PROBLEM TO SOLVE:
Retype the lines below exactly, from the one that contains "人気商品登場 HUBLOT ウブロ 5針クロノグラフ 男性用腕時計 4色可選" through the last, and leave every picture out.

Web page caption snippets:
.....

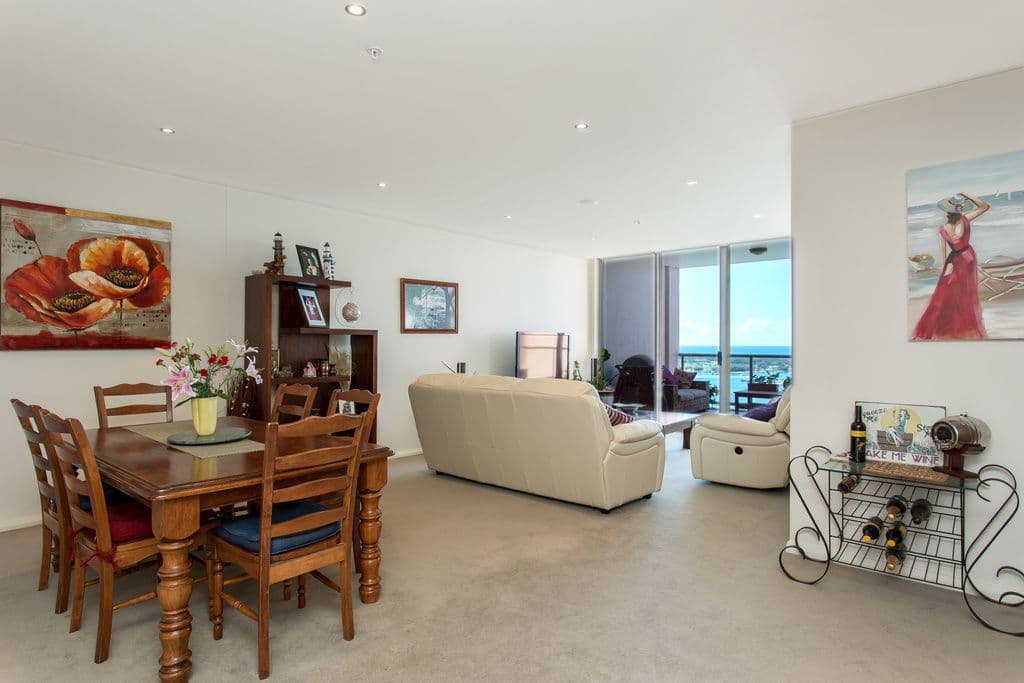 1 Como Crescent, SOUTHPORT QLD 4215, Southport - Thumbnail 6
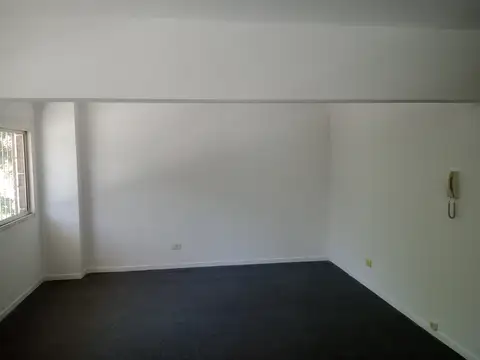 Oficina en Alquiler en Balvanera, $ 380.000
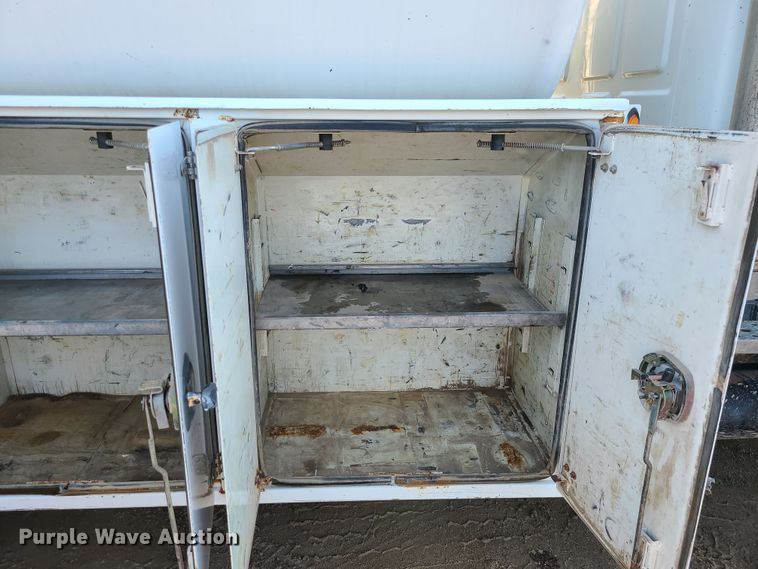 image for item JG9305 2005 Sterling LT7500  fuel / lube truck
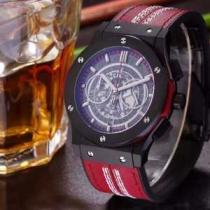 人気商品登場 HUBLOT ウブロ 5針クロノグラフ 男性用腕時計 4色可選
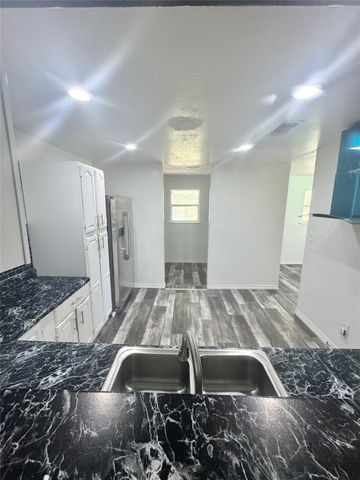 211 Johnson Street, Ames, TX 77575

.....

WORKED SOLUTION:
 人気商品登場 HUBLOT ウブロ 5針クロノグラフ 男性用腕時計 4色可選
 211 Johnson Street, Ames, TX 77575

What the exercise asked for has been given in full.